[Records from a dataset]
********************
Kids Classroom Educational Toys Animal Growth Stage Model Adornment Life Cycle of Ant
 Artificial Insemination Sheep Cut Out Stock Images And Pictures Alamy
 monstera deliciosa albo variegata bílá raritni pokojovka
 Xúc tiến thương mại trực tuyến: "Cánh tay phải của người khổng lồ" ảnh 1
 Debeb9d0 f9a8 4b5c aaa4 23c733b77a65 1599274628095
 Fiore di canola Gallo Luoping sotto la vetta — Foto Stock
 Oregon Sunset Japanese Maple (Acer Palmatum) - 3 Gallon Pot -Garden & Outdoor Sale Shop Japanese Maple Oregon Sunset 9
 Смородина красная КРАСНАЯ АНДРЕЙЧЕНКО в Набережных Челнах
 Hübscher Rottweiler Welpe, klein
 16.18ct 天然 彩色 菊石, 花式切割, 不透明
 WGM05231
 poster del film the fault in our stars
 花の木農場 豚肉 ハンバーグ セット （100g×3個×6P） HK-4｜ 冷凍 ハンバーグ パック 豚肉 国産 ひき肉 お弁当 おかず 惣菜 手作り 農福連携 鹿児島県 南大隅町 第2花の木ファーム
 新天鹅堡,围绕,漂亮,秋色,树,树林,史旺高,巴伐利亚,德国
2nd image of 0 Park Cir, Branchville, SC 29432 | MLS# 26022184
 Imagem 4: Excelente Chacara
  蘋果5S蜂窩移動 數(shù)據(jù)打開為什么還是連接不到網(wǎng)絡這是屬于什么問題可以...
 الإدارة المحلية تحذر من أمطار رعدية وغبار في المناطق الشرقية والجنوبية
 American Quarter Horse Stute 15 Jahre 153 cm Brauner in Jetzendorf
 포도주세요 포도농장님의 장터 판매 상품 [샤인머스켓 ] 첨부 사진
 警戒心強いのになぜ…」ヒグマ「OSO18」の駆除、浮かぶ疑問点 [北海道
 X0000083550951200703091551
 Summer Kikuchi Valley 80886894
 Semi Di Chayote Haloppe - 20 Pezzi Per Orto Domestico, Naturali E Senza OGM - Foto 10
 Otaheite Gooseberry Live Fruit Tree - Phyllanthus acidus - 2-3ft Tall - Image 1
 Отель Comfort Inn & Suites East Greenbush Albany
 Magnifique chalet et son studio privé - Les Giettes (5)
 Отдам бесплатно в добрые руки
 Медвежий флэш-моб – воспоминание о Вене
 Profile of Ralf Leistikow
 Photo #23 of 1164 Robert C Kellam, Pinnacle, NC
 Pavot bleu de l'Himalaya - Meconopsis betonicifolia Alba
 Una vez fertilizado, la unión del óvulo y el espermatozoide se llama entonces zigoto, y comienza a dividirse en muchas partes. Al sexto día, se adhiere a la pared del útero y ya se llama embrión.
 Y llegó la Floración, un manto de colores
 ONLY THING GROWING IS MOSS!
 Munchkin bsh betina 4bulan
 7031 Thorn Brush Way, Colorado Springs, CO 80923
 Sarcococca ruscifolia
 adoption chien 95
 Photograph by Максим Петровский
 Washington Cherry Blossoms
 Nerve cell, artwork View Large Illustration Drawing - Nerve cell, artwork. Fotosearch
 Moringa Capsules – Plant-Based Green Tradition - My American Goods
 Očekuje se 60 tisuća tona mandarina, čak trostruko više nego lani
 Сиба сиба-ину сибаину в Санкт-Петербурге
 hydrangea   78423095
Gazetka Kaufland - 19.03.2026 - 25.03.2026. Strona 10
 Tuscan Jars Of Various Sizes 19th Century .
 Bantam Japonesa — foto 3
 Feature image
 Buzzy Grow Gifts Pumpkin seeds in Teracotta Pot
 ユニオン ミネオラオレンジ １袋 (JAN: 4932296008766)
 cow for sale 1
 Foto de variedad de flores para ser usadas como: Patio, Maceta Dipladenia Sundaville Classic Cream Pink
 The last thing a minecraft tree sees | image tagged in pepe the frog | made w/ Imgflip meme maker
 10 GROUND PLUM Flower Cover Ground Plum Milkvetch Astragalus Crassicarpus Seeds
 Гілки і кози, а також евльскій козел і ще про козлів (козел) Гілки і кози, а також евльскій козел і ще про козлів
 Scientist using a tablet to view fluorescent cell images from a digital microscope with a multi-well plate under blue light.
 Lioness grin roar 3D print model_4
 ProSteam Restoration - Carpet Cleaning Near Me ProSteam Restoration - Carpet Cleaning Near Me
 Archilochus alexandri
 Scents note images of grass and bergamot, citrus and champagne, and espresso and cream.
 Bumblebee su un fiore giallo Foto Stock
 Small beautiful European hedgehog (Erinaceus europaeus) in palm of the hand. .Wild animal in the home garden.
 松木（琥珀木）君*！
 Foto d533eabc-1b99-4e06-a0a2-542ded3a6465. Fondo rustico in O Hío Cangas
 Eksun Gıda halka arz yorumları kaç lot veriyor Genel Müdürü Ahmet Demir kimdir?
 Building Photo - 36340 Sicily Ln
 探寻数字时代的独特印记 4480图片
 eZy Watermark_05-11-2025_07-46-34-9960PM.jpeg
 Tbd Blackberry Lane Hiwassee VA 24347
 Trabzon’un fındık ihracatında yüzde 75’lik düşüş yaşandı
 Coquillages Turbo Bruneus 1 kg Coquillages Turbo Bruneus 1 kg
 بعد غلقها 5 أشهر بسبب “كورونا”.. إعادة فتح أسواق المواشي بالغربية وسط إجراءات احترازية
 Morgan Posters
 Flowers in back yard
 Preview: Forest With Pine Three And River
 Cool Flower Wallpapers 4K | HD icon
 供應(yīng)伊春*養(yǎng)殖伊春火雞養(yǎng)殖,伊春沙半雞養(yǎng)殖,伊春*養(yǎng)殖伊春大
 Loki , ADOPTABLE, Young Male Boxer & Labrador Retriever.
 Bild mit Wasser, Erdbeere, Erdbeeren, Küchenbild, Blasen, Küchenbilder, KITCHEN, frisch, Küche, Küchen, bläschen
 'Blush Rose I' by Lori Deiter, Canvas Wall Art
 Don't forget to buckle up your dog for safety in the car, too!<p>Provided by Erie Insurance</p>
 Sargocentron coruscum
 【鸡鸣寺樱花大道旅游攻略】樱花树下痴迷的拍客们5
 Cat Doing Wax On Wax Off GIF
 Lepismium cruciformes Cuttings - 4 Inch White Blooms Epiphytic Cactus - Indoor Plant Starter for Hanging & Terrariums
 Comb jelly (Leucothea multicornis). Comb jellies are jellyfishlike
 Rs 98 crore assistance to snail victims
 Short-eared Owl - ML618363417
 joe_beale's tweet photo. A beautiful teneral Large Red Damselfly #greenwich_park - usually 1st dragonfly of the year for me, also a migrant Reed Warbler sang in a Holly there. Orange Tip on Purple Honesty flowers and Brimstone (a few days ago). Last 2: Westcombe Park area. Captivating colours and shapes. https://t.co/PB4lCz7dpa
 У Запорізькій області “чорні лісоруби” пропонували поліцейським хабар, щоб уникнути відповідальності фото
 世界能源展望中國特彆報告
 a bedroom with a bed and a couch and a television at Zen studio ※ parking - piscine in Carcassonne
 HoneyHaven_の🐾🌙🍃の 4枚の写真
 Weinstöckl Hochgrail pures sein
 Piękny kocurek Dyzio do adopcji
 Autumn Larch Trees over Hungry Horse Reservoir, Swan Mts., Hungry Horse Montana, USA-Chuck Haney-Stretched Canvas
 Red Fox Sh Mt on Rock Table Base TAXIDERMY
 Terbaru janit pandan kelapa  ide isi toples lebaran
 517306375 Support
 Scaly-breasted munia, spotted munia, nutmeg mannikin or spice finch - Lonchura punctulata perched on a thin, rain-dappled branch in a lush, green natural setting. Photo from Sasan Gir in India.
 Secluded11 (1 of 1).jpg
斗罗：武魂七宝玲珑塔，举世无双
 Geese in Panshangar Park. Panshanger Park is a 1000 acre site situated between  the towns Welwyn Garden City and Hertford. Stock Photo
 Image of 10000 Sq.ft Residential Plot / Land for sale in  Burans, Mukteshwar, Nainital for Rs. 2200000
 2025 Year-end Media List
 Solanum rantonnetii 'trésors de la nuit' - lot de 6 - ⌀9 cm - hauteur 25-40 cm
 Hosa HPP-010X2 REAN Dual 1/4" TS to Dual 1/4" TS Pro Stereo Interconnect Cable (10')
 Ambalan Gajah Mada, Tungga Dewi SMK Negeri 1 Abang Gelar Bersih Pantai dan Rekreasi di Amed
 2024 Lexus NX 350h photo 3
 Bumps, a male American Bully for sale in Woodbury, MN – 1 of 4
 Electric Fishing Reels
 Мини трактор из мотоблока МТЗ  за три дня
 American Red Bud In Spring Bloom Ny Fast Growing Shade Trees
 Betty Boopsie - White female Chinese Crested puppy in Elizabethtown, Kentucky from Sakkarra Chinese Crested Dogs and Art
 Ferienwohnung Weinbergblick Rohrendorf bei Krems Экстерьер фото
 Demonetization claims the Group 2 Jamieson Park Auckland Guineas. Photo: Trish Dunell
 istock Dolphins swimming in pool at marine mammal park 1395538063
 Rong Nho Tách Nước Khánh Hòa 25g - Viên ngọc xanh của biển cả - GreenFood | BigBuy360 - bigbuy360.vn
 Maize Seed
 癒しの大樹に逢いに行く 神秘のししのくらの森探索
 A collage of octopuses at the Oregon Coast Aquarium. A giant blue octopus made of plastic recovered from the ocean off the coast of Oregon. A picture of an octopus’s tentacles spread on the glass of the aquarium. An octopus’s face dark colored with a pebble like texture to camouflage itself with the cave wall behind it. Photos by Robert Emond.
********************
■ **What to produce**
From the entries above, extract only the lines running from the one containing "Loki , ADOPTABLE, Young" through the one containing "Cat Doing Wax On Wax Off GIF", inclusive.

■ **Answer to the problem**
 Loki , ADOPTABLE, Young Male Boxer & Labrador Retriever.
 Bild mit Wasser, Erdbeere, Erdbeeren, Küchenbild, Blasen, Küchenbilder, KITCHEN, frisch, Küche, Küchen, bläschen
 'Blush Rose I' by Lori Deiter, Canvas Wall Art
 Don't forget to buckle up your dog for safety in the car, too!<p>Provided by Erie Insurance</p>
 Sargocentron coruscum
 【鸡鸣寺樱花大道旅游攻略】樱花树下痴迷的拍客们5
 Cat Doing Wax On Wax Off GIF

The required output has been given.